**Working data:**
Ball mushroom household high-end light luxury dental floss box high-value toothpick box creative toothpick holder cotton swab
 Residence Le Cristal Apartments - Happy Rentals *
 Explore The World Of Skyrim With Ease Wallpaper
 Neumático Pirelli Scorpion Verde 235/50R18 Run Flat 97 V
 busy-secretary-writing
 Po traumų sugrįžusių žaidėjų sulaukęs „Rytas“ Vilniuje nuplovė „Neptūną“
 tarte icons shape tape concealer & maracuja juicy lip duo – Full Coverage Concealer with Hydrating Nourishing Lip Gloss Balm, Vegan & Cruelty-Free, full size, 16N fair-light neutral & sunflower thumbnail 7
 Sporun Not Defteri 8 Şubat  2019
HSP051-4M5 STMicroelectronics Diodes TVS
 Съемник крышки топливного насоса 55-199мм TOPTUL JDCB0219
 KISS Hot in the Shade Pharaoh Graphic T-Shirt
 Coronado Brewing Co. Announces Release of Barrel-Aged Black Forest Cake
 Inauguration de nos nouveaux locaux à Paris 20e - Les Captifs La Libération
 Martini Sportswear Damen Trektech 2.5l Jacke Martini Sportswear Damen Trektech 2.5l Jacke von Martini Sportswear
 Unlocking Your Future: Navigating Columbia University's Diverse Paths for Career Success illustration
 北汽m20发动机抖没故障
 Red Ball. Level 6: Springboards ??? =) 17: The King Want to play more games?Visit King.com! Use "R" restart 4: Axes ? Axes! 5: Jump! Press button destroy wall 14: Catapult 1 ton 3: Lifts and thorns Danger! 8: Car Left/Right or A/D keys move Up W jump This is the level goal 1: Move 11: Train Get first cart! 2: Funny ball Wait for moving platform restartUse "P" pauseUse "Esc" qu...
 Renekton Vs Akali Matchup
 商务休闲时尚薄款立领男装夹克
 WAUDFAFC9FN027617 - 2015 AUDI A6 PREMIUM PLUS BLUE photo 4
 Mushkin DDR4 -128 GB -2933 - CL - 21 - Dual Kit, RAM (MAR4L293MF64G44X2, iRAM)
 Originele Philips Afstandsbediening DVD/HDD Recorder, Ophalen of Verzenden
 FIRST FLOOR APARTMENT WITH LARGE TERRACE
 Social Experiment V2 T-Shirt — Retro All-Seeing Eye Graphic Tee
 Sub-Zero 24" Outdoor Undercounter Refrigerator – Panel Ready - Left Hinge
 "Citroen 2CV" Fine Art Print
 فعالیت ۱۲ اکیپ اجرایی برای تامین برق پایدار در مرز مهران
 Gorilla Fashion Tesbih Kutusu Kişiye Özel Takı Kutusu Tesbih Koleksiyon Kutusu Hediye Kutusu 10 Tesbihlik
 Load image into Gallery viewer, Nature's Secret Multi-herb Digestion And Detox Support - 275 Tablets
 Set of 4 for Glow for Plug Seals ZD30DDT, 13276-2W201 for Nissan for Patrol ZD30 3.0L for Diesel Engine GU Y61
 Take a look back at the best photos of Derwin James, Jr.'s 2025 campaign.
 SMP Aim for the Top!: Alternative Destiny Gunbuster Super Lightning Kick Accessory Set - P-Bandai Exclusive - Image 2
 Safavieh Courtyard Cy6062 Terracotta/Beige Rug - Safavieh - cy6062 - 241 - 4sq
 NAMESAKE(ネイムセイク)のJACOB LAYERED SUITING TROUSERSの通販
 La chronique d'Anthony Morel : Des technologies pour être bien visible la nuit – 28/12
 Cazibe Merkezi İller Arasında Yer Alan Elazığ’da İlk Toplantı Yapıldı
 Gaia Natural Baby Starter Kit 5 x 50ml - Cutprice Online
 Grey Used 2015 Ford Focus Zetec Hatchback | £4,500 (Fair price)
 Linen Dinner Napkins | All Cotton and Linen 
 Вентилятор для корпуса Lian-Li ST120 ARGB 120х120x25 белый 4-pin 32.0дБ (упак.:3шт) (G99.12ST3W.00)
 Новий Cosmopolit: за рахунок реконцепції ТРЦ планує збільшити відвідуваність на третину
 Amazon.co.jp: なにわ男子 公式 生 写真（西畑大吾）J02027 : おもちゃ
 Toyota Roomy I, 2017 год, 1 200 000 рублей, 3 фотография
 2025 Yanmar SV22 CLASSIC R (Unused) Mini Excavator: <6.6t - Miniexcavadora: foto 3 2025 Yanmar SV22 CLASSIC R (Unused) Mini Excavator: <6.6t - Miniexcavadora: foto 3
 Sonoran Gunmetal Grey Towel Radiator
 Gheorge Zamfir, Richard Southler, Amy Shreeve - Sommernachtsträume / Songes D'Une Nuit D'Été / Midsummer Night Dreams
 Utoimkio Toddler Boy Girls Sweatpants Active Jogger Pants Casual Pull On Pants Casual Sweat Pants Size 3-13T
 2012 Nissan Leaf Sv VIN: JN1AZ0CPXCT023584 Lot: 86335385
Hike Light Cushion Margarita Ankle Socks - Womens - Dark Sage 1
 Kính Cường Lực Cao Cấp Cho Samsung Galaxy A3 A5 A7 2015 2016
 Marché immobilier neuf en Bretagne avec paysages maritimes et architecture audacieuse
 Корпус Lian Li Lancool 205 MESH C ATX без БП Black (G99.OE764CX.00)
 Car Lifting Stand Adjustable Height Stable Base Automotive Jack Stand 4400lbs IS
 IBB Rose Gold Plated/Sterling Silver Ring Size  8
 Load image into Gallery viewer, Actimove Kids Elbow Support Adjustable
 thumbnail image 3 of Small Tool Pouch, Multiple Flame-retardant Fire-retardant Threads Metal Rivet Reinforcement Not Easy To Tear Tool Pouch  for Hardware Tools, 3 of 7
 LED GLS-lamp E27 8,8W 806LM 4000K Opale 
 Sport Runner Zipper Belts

**Task brief:**
If a line above holds the string "Black", copy it out.

**Answer for the task:**
 Coronado Brewing Co. Announces Release of Barrel-Aged Black Forest Cake
 Корпус Lian Li Lancool 205 MESH C ATX без БП Black (G99.OE764CX.00)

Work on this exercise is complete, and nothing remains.